В колонии началась действительно счастливая эра. Месяца три колонисты жили планами. Брегель упрекала меня, заехавши в колонию:

— Макаренко, кого вы воспитываете? Мечтателей?

Пусть даже и мечтателей. Я не в восторге от самого слова «мечта». От него действительно несет чем-то барышенским, а может быть, и хуже. Но ведь и мечта разная бывает: одно дело мечтать о рыцаре на белом коне, а другое — о восьми сотнях ребят в детской колонии. Когда мы жили в тесных казармочках, разве мы не мечтали о высоких, светлых комнатах? Обвязывая ноги тряпками, мечтали о человеческой обуви. Мечтали о рабфаке, о комсомоле, мечтали о Молодце и о симментальском стаде. Когда я привез в мешке двух английских поросят, один такой мечтатель, нестриженный пацан Ванька Шелапутин, сидел на высокой скамье, положив под себя руки, болтая ногами, и глядел в потолок:

— это ж только два поросенка. А потом они приведут еще сколько. А те еще сколько. И через… пять лет у нас будет сто свиней. Го-го! Ха-ха! Слышишь, Тоська, сто свиней!

И мечтатель и Тоська непривычно хохотали, заглушая деловые разговоры в моем кабинете. А теперь у нас больше трехсот свиней, и никто не вспоминает, как мечтал Шелапутин.

Может быть, главное отличие нашей воспитательной системы от буржуазной в том и дежит, что у нас детский коллектив обязательно должен расти и богатеть, впереди должен видеть лучший завтрашний день и стремиться к нему в радостном общем напряжении, в настойчивой веселой мечте. Может быть, в этом и заключается истинная педагогическая диалектика.

Поэтому я не надевал на мечту колонистов никакой узды и вместе с ними залетел, можеть быть, и слишком далеко. Но это было очень счастливое время в колонии, и теперь о нем все мои друзья вспоминают радостно. С нами мечтал и Алексей Максимович, которому мы подробно писали о наших делах.

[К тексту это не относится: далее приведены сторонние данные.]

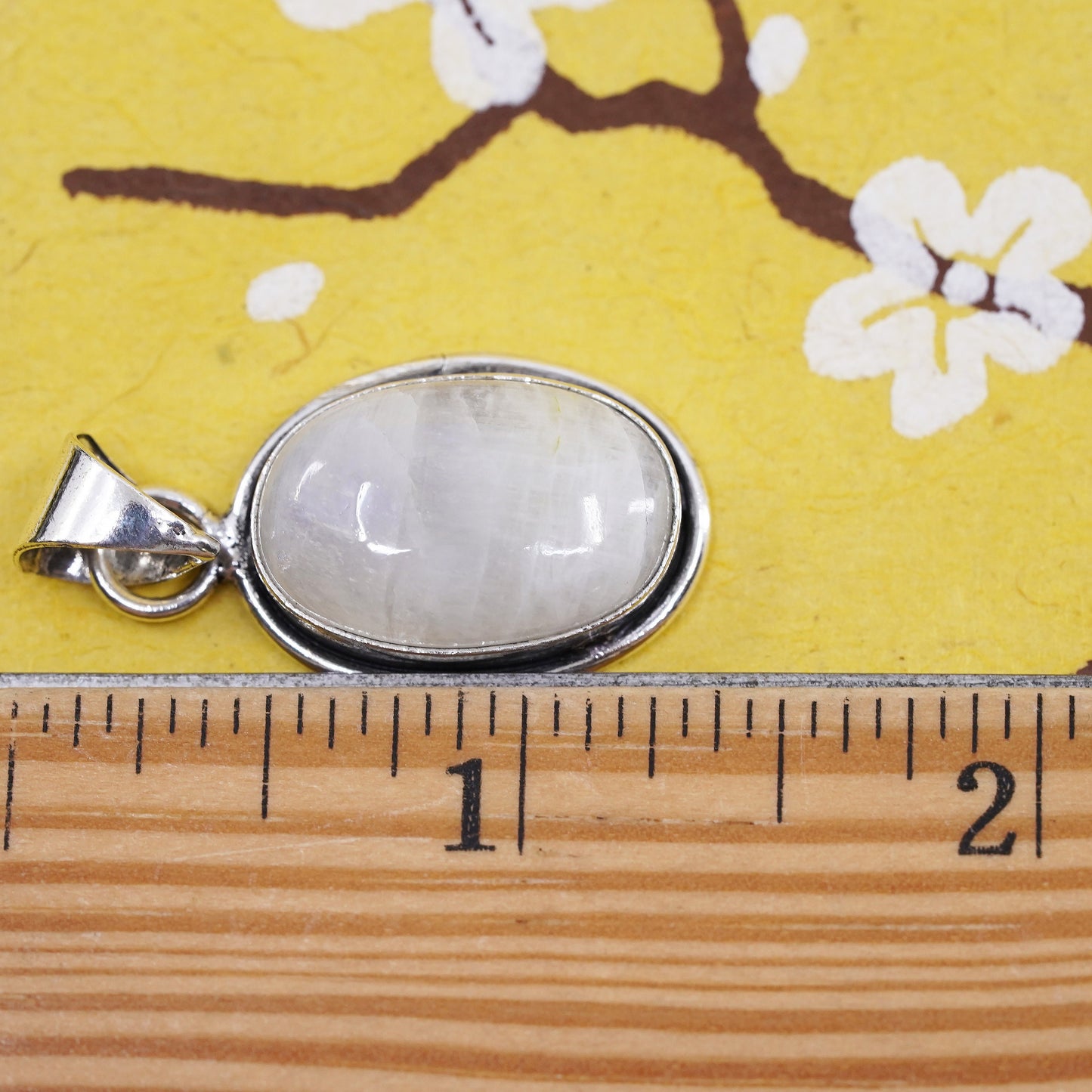 Vintage Sterling 925 Silver Handmade Pendant with oval moonstone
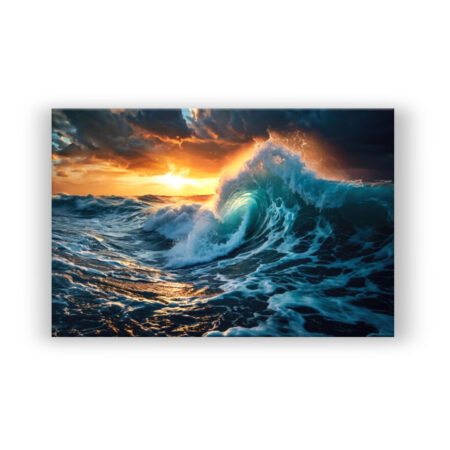 Welle im Abendlicht Fotografie Wandbild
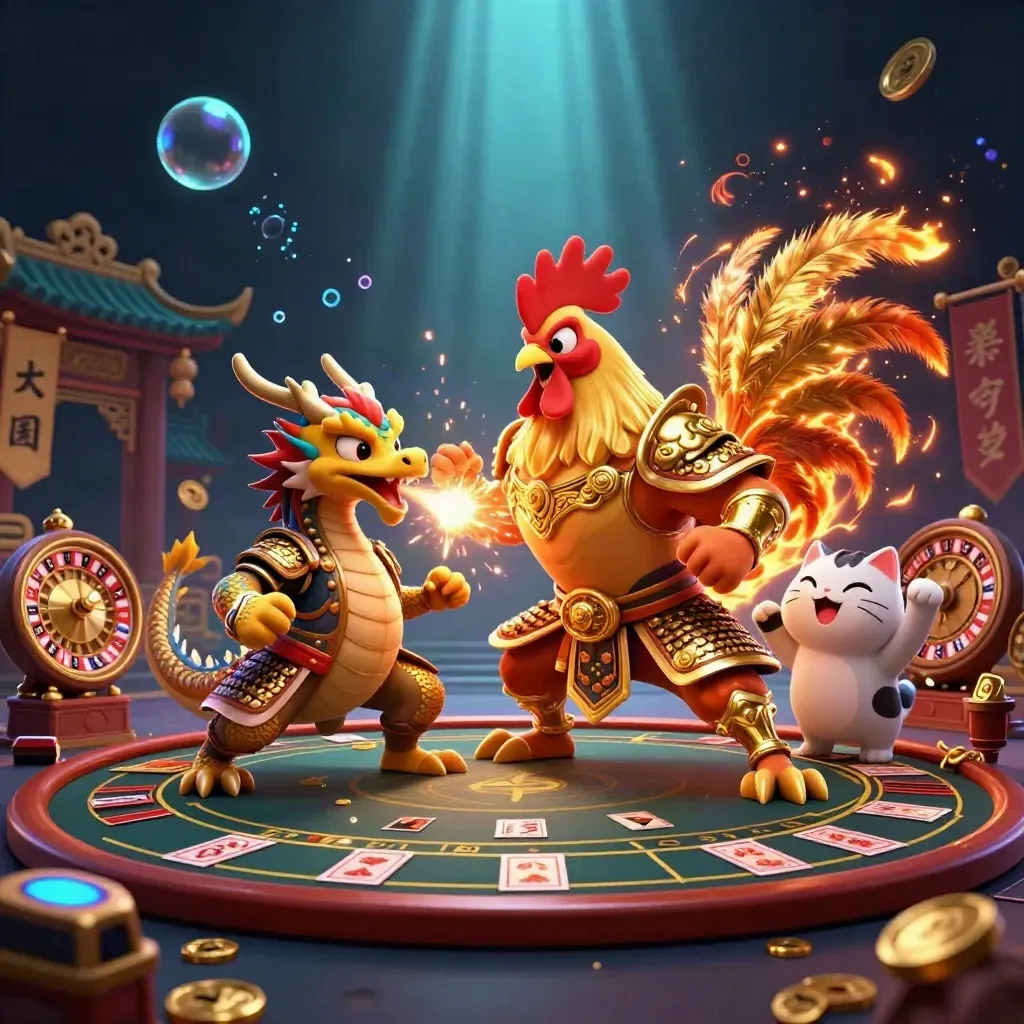 Rooster samurai, dragon hatchling, and cheering fortune-cat in a luxe casino-fantasy scene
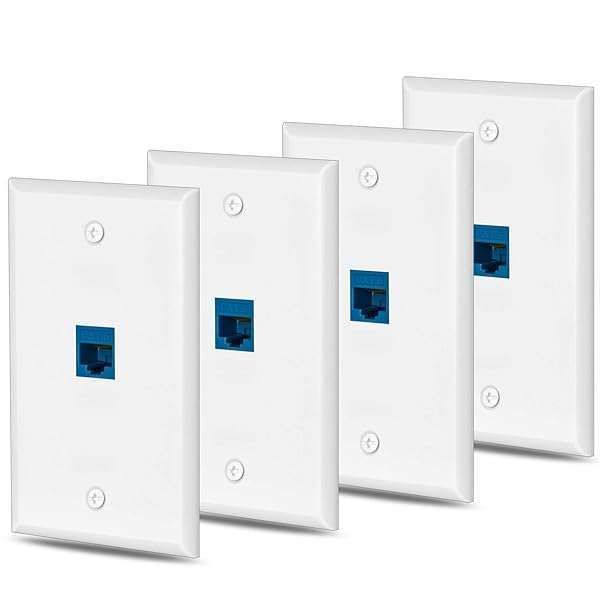 Ubrand Cat6 Ethernet Wall Plate Outlet - 4 Pack RJ45 Keystone Coupler Jack - Blue, High-Speed Network Solution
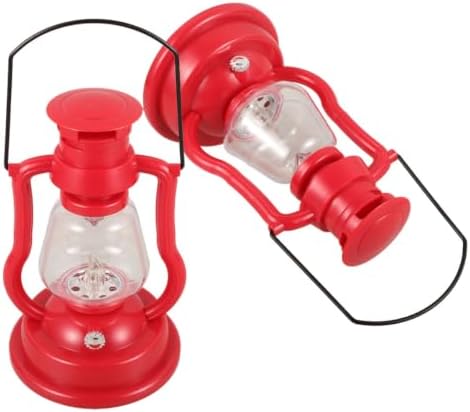 2pcs Vintage Kerosene Lamp Lantern with Handle, Warm LED Night Light by DECHOUS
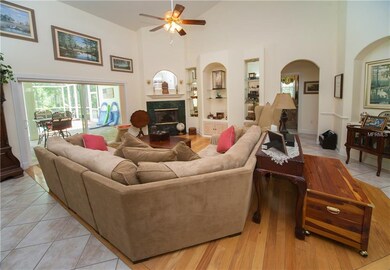 The fireplace is the focal point of the Living Roo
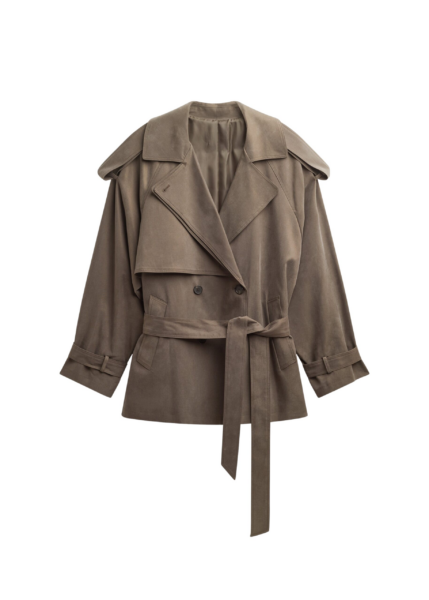 The Frankie Shop Vesoul Short Trench - Brown - Oversized Minimalist Shorts in Brown - Shop at Luxury Shoes 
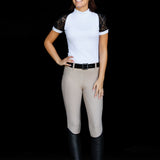 Equishow Short Sleeve Lace Shirt - White/Black - EquiShow - Equiluxe Tack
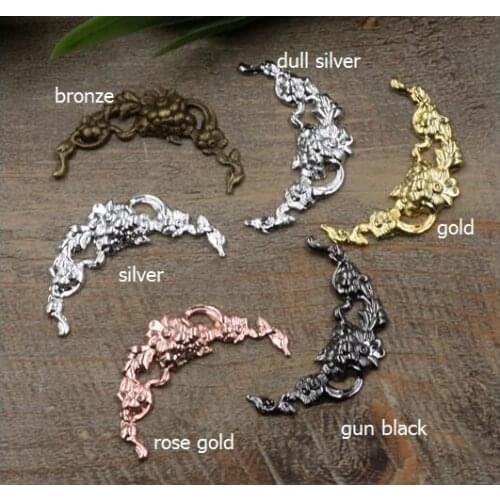 100pcs/lot 40mm filigree connector for diy materials Hollow Flowers Copper Charms Jewelry Making DIY Components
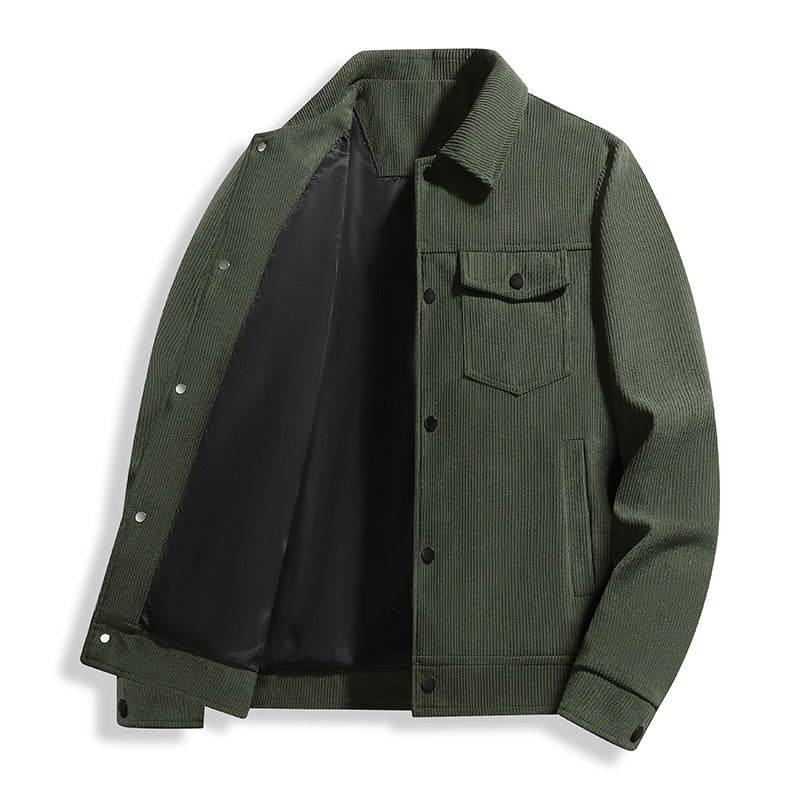 Herren Cord-Truckerjacke mit Thermofutter & Druckknopffront Echoarchiv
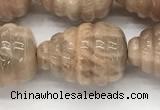 CFG1518 15.5 inches 15*20mm carved teardrop moonstone beads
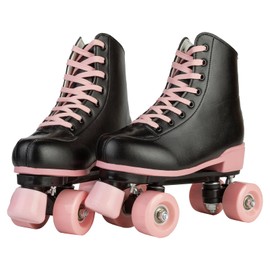 Magnitt Roller Skates for Women,Classic Shiny Double-Row Four Wheels Derby Skates High Top Outdoor Indoor Skates for Adults Youth (23.5cm/9.25in-Women's 6.5 / Men's 5)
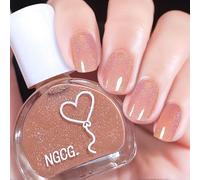 Glitter Nude Nail Varnish,Long Lasting Quick Drying & Chip Resistant Jelly Shimmer Holographic Nail Polish High Glossy for DIY Salon Manicure at Home, No Need UV(10ML)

Не радовались и не мечтали в колонии только несколько человек, и между ними Калина Иванович. У него была молодая душа, но, оказывается, для мечты одной души мало. И сам Калина Иванович говорил:

— Ты видав, как хороший конь автомобиля боится? Это потому, что он, паразит, жить хочет. А шкапа если какая, так она не только что автомобиля, а и черта не боится, потому что ей все равно: чи хлеб, чи толокно, как пацаны говорят…

Я уговаривал Калину Ивановича ехать с нами, и хлопцы просили, но Калина Иванович был тверд:

— Я вже теперь ничего не боюся, и вам такие паразиты ни к чему. Погуляв с вами, и довольно! А теперь на пенсию: при совецькой власти хорошо дармоедам — старым перхунам.